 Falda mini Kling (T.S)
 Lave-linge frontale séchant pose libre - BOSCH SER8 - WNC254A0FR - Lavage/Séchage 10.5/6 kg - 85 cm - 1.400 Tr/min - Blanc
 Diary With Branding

== == ==

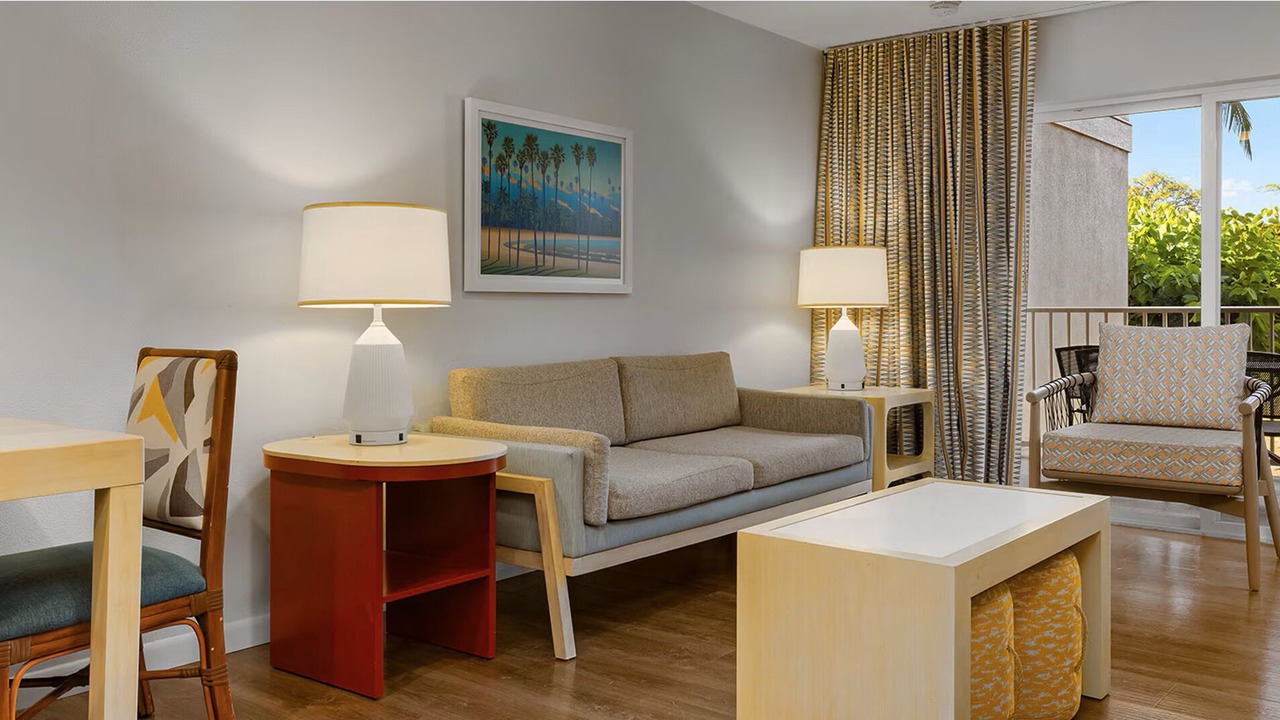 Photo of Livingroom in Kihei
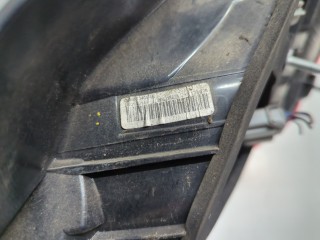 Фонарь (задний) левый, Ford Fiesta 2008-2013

== == ==

Aim of the exercise: From the material above, set down exactly the lines starting at the one with "Falda mini Kling (T.S)" and ending at the one with "Diary With Branding", end lines included.

Answer to this exercise:
 Falda mini Kling (T.S)
 Lave-linge frontale séchant pose libre - BOSCH SER8 - WNC254A0FR - Lavage/Séchage 10.5/6 kg - 85 cm - 1.400 Tr/min - Blanc
 Diary With Branding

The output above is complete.